It doesn't appear that you have changed the D-Link's LAN address. You didn't by any chance mistakenly set a static IP in the WAN section?

The "wireless modem" seems to be in a bridged state--acting as a modem only--because your IP address is the public IP. It is necessary to power cycle (unplug for 30 seconds) the modem when switching devices. Did you do that when connecting the D-Link?


----------



## volcom234 (Jul 5, 2010)

okay so i when i tried to change the routers ip address it gives me "the lan ip address and the start ip address are not in the same subnet"

i saw on a different thread someone with a similar error message so i followed the steps you told him to take http://forums.techguy.org/networking/861228-dlink-dir-615-wireless-n.html:

Reset the router to factory defaults by holding the reset button down for 15 seconds with power on. 
Turn off everything, the modem, router, computer. 
Connect the modem to the router's WAN/Internet port. 
Connect the computer to one of the router's LAN/Network ports. 
Turn on the modem, wait for a steady connect light. 
Turn on the router, wait for two minutes. 
Boot the computer.

then i did the following on command prompt:

Microsoft Windows [Version 6.1.7600]
Copyright (c) 2009 Microsoft Corporation.
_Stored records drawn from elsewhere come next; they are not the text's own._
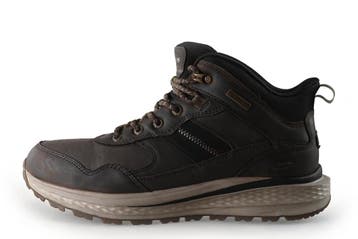 Skechers Veterboots in maat 43 Bruin, Kleding | Heren, Schoenen, Bruin, Verzenden, Boots, Zo goed als nieuw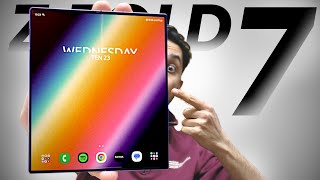 Samsung Z Fold 7 - IT'S FINALLY OFFICIAL (SERIOUSLY?)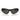 Dolce & Gabbana Occhiali da Sole DG6190 501/87 Nero/Grigio Scuro Unisex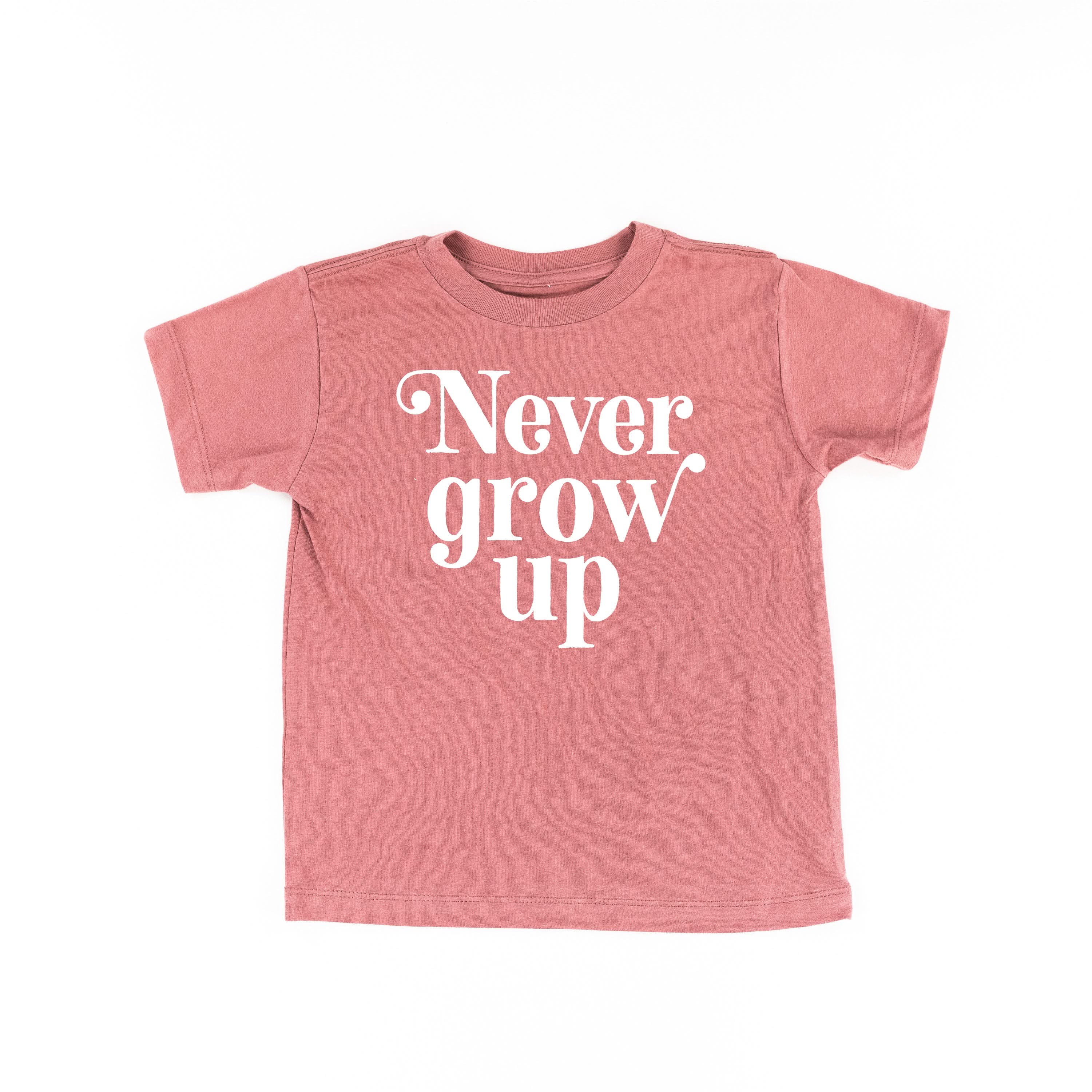 Never Grow Up - Child Tee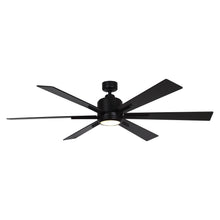 Load image into Gallery viewer, 65&quot; Bendan Industrial Downrod Mount Ceiling Fan with Lighting and Remote Control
All rights reserved.
C:\Users\Garry>ipconfig /all
Windows IP Configuration
Host Name . . . . . . . . . . . . : Garry-Desktop
Primary Dns Suffix . . . . . . . :
Node Type . . . . . . . . . . . . : Unknown
IP Routing Enabled. . . . . . . . : No
WINS Proxy Enabled. . . . . . . . : No
DNS Suffix Search List. . . . . . : sympatico.ca
Ethernet adapter Local Area Connection:
Connection-specific DNS Suffix . : sympatico.ca
Description . . . . . . . . . . . : NVIDIA nForce 10/100 Mbps Ethernet
Physical Address. . . . . . . . . : 90-E6-BA-3D-FA-73
DHCP Enabled. . . . . . . . . . . : Yes
Autoconfiguration Enabled . . . . : Yes
Link-local IPv6 Address . . . . . : fe80::447b:44c2:19cf:8982%11(Preferred)
IPv4 Address. . . . . . . . . . . : 192.168.0.100(Preferred)
Subnet Mask . . . . . . . . . . . : 255.255.255.0
Lease Obtained. . . . . . . . . . : July-05-10 1:20:27 PM
Lease Expires . . . . . . . . . . : July-12-10 1:20:27 PM
Default Gateway . . . . . . . . . : fe80::222:b0ff:fed3:8b3e%11
192.168.0.1
DHCP Server . . . . . . . . . . . : 192.168.0.1
DNS Servers . . . . . . . . . . . : 192.168.0.1
NetBIOS over Tcpip. . . . . . . . : Enabled
Tunnel adapter isatap.sympatico.ca:
Media State . . . . . . . . . . . : Media disconnected
Connection-specific DNS Suffix . : sympatico.ca
Description . . . . . . . . . . . : Microsoft ISATAP Adapter #2
Physical Address. . . . . . . . . : 00-00-00-00-00-00-00-E0
DHCP Enabled. . . . . . . . . . . : No
Autoconfiguration Enabled . . . . : Yes
Tunnel adapter Teredo Tunneling Pseudo-Interface:
Media State . . . . . . . . . . . : Media disconnected
Connection-specific DNS Suffix . :
Description . . . . . . . . . . . : Teredo Tunneling Pseudo-Interface
Physical Address. . . . . . . . . : 00-00-00-00-00-00-00-E0
DHCP Enabled. . . . . . . . . . . : No
Autoconfiguration Enabled . . . . : Yes

C:\Users\Garry>ping 192.168.0.100
Pinging 192.168.0.100 with 32 bytes of data:
Reply from 192.168.0.100: bytes=32 time<1ms TTL=128
Reply from 192.168.0.100: bytes=32 time<1ms TTL=128
Reply from 192.168.0.100: bytes=32 time<1ms TTL=128
Reply from 192.168.0.100: bytes=32 time<1ms TTL=128
Ping statistics for 192.168.0.100:
Packets: Sent = 4, Received = 4, Lost = 0 (0% loss),
Approximate round trip times in milli-seconds:
Minimum = 0ms, Maximum = 0ms, Average = 0ms

C:\Users\Garry>ping 192.168.0.1
Pinging 192.168.0.1 with 32 bytes of data:
Reply from 192.168.0.1: bytes=32 time<1ms TTL=64
Reply from 192.168.0.1: bytes=32 time<1ms TTL=64
Reply from 192.168.0.1: bytes=32 time<1ms TTL=64
Reply from 192.168.0.1: bytes=32 time<1ms TTL=64
Ping statistics for 192.168.0.1:
Packets: Sent = 4, Received = 4, Lost = 0 (0% loss),
Approximate round trip times in milli-seconds:
Minimum = 0ms, Maximum = 0ms, Average = 0ms

C:\Users\Garry>ping yahoo.com
Ping request could not find host yahoo.com. Please check the name and try again.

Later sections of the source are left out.